Эти сеньоры продолжали вести беседу в том же духе, пока дон Матео, которому я помогал одеваться, не был окончательно готов. Он приказал мне следовать за ним, и все четверо петиметров направились в харчевню, куда собирался отвести их дон Фернандо де Гамбоа. Я шел позади вместе с тремя другими служителями, так как у каждого кавалера был свой лакей. При этом я с удивлением заметил, что слуги копировали своих господ и старались подражать их манерам. Я их приветствовал в качестве нового товарища. Они также поклонились мне, и один из них, оглядев меня внимательно, сказал:

– Вижу, братец, по вашему обхождению, что вы еще никогда не служили у знатного молодого сеньора.

– К сожалению, не служил, – отвечал я. – Мне лишь недавно довелось попасть в Мадрид.

– Оно и заметно, – сказал тот, – от вас так и разит провинцией; вид у вас робкий и застенчивый; нет настоящей развязности. Но это не беда; клянусь честью, мы вас быстро отшлифуем.

– Вы мне, наверное, льстите? – спросил я.

– Ничуть, – отвечал лакей, – нет такого болвана, которого мы не могли бы перефасонить; будьте совершенно спокойны.

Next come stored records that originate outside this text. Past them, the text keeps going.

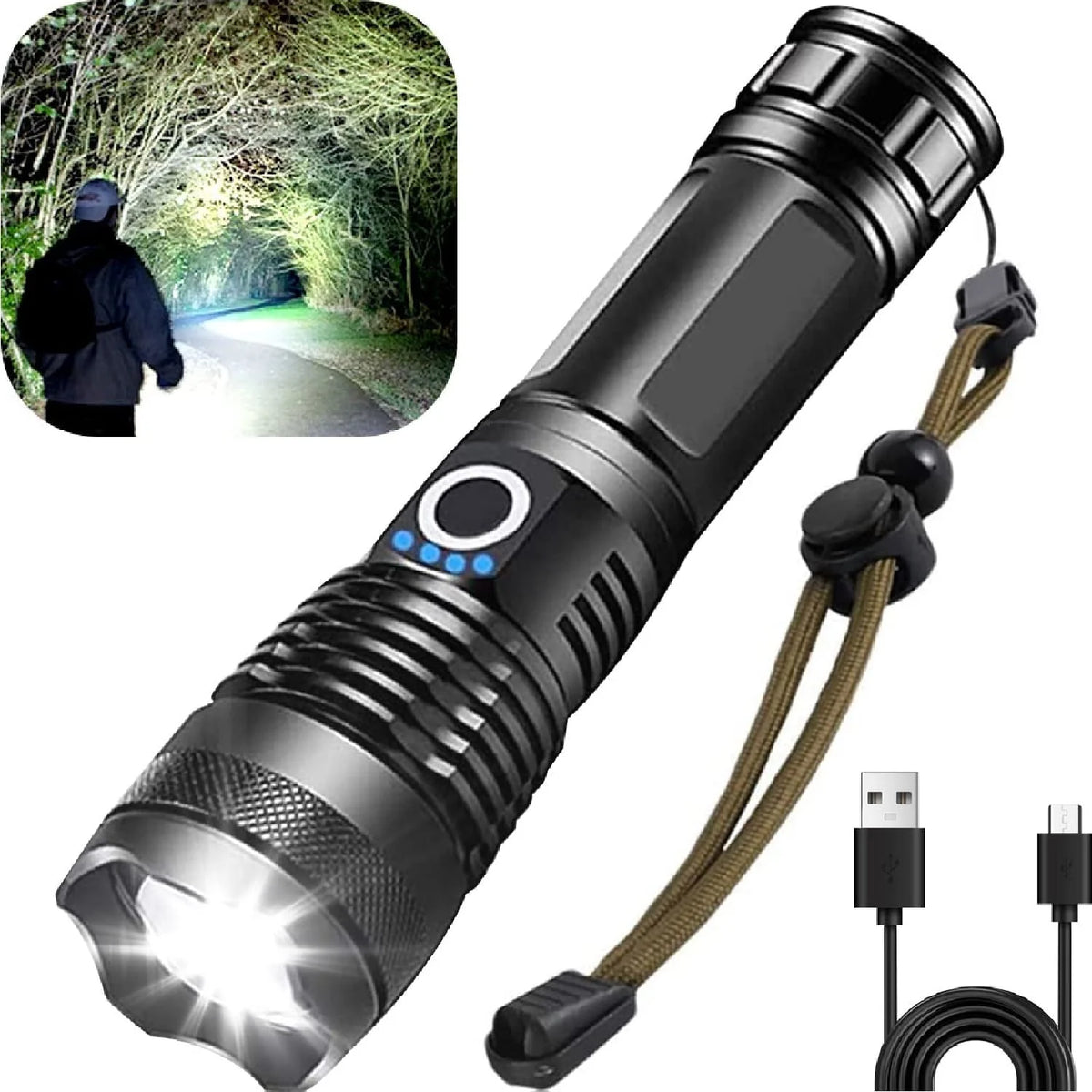 Maple Star 100000 High Lumens Rechargeable Powerful Waterproof Super Very Bright Flashlights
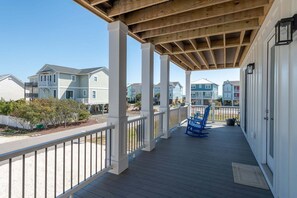Terrace/patio - Hobbs Realty - “Holden 5” | Elegant Stay w/ Elevator, Private Heatable Pool & Panoramic Views (Holden Beach)
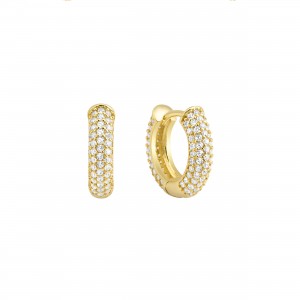 JASMINA PAVE X SOLID MINI HOOP EARRINGS - Thumbnail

Из этого я заключил и без дальнейших пояснений, что мои товарищи – тертые ребята и что я не мог попасть в лучшие руки, если хочу приобрести лоск. Придя в харчевню, мы застали обед уже приготовленным, так как дон Фернандо предусмотрительно заказал его еще с утра. Господа сели за стол, а мы собрались им прислуживать. Тотчас же между ними завязался веселый разговор. Я слушал их с величайшим наслаждением. Их характеры, их мысли, их выражения – все меня восхищало. Сколько огня! Сколько живости соображения! Эти люди казались мне существами какой-то другой породы.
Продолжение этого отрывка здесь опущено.